Fig. 83.

THE BREECH-PIECE.

This is a cast-iron block, the front half solid and pierced with the channels necessary for feeding, loading, firing, and extracting ammunition, and the rear half hollow to form a chamber for the mechanism, with guideways and journals for its movement and support. In the upper front face a channelway is cut from the loading-hole around almost to the firing-point, the bottom being inclined so that as the cartridge moves along it during the revolution of the barrels it is pushed forward and close home.

The forward face is reinforced at the firing-point by a steel face-plate countersunk in it, through which the firing-pin hole is pierced. The seat for the pin-wheel is in the rear face of the solid part. This pin-wheel can only be mounted on the main shaft after the end of the latter has been inserted in its journal; and in order to put the locking-pin of the pin-wheel in place it is necessary to have a hole pierced radially from the outside of the breech-piece. This hole is kept constantly closed by a tap-screw. The rear end of the breech-piece is closed by a bronze door, hinged at the bottom, and secured by a screw-bolt at the top. On the outer sides of the breech-piece shoulders are cast to form seats for the shafts of the frame.
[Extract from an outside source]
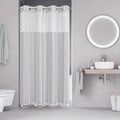 No Hook Stall Shower Curtain with Snap-in Fabric Liner - Grey Linen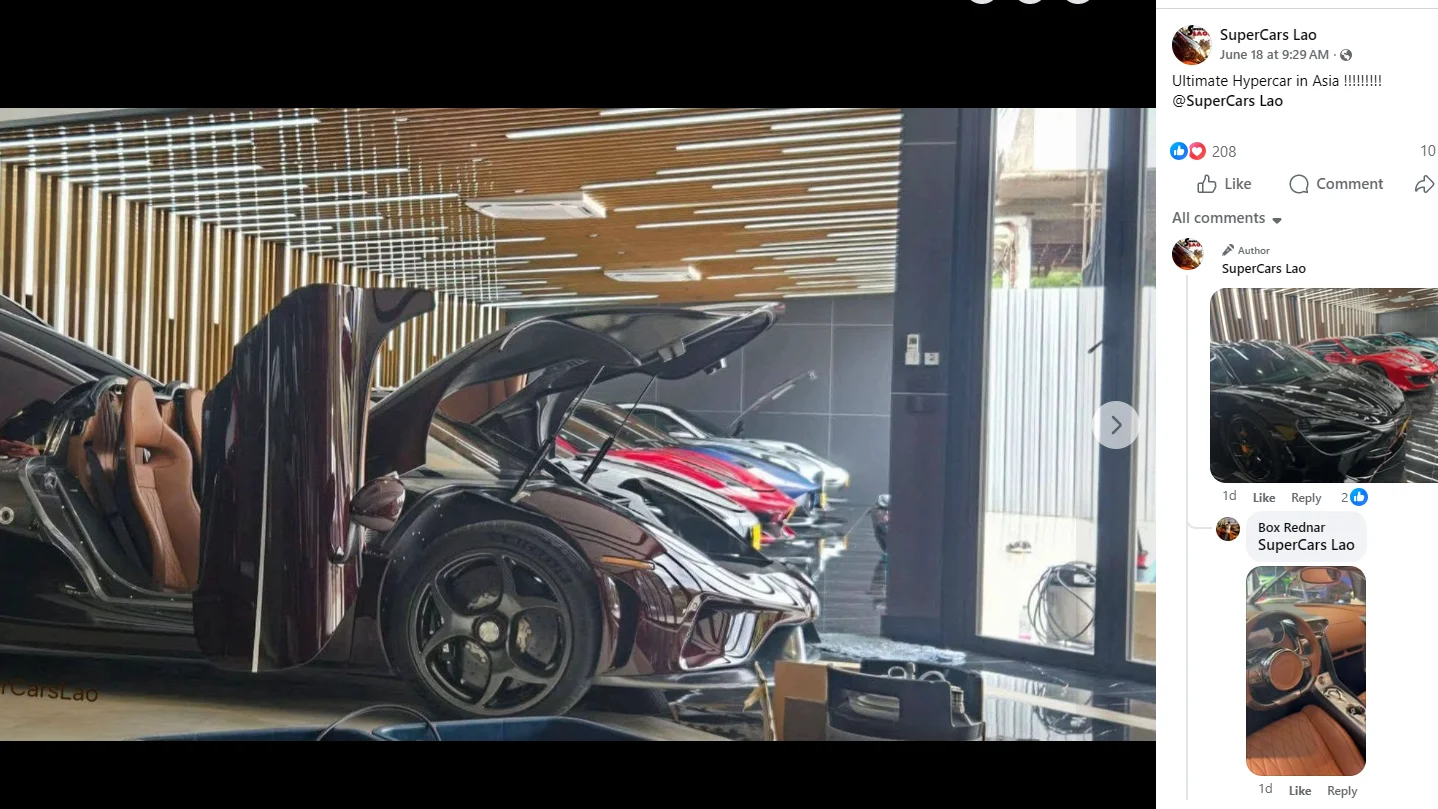Koenigsegg Regera, McLaren Senna, Laos hypercars, Vietnamese billionaire cars, exotic car sightings, luxury supercars, Hoàng Kim Khánh collection 2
As the worm-shaft does not extend completely across the chamber of the breech-piece, a small journal-seat is cast just to the left of the centre of the chamber. In the right lower corner of the chamber is a guideway for the firing-bolt; on the left side is a slotway for the extractor; a small journal is pierced through the side for a cog-wheel, which is held in place by a keep-pin. In the left upper corner is a guideway for the loading-piston.

THE MECHANISM.

The work of the mechanism consists in revolving the barrels, loading, firing, and extracting.

The revolution of the barrels is a simple gear movement. The loading and extracting are reciprocal movements; that is, while a cartridge is being pushed into one barrel an empty cartridge-case is being drawn from another. The firing is accomplished by the firing-bolt, which is drawn backward by its cocking-arm pressing on the cam of the worm-wheel, and then thrown violently forward by the mainspring, when the arm drops from the end of the cam. The piece has the ordinary trigger arrangement.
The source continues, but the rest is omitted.